/bioinformatics-datasets

public datasets for testing, benchmarking and comparison

Primary LanguageR

bioinformatics-datasets

public datasets for testing, benchmarking and comparison

Note: The PDF Supplemental tables provide an annotated list of GEO datasets for disease-specific and KO experiments. These can be processed by the protocol below to generate DE gene sets (see TSV files in subfolders).

Collect Datasets

GEO Protocol

  1. Go to https://www.ncbi.nlm.nih.gov/geo/geo2r/?acc=GSE22873. Replace GEO ID.
  2. Expand Samples.
  3. Define two groups, e.g., cancer/normal or ko/wt.
  4. Assign samples to groups.
  5. Click on Top 250.
  6. Confirm directionality, i.e., gene with increased expression in cancer vs normal should have a positive log2FC.
  7. Click on Save all results.
  8. Save as TSV into appropriate subfolder.

Harmonizome Protocol

  1. Download gene-attribute-matrix-standardized and attribute-list txt.gz files.
  2. Unzip files.

Compile Datasets

  1. Source build-gene-sets.R.
  2. Run buildGeoSets() to generate a top-level TSV file compiled from each subfolder of collected datasets.
  3. Run buildHarmonizomeSets() to generate a top-level TSV file compiled from downloaded files.

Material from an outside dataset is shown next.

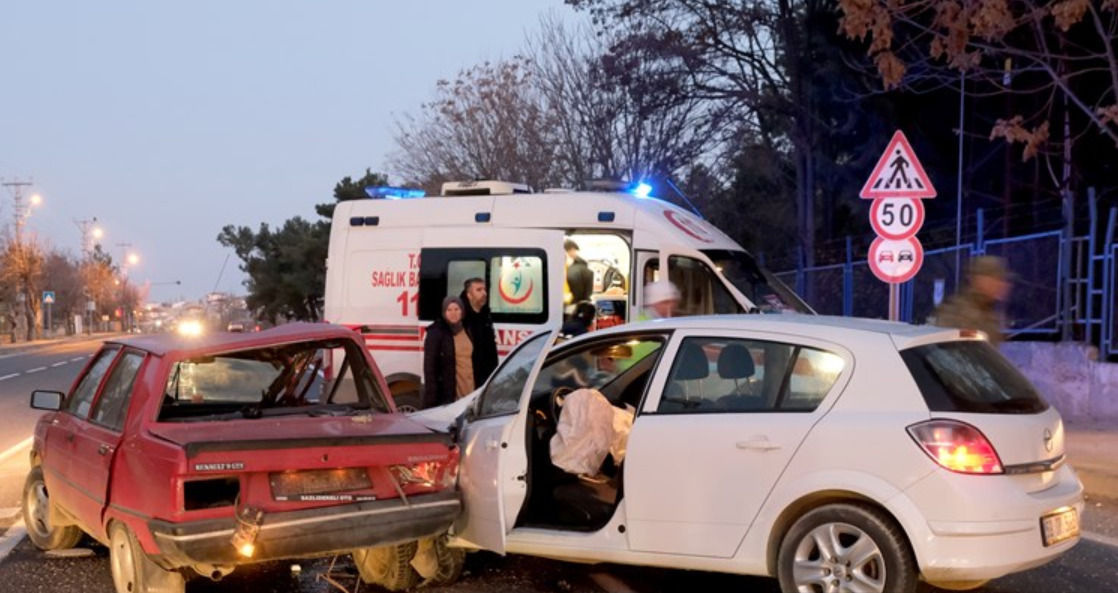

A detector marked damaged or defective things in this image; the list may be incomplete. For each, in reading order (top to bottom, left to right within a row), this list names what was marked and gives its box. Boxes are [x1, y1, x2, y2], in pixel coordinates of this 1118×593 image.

Query Compiled Datasets for DE Genes

  • Source 'query-gene-sets.R` to access functions to extract gene sets and associated data values per dataset.
    • listGeoSets(T) will summarize the unique DE genes with FDR < 0.5 per dataset per disease
    • genesByGeoSet("GSE6357", T, T) will return a dataframe of DE genes with FDR < 0.05 and log2FC > 0
    • listHarmonizomeSets() will summarize unique DE genes with P-values < 0.5 per dataset per disease, providing a standardizedValue, "sv", from Harmonizome equal to -log10(p-value) * sign(log2FC).
    • genesByHarmonizomeSet("GSE3467", T) will return a dataframe of DE genes with sv > 0.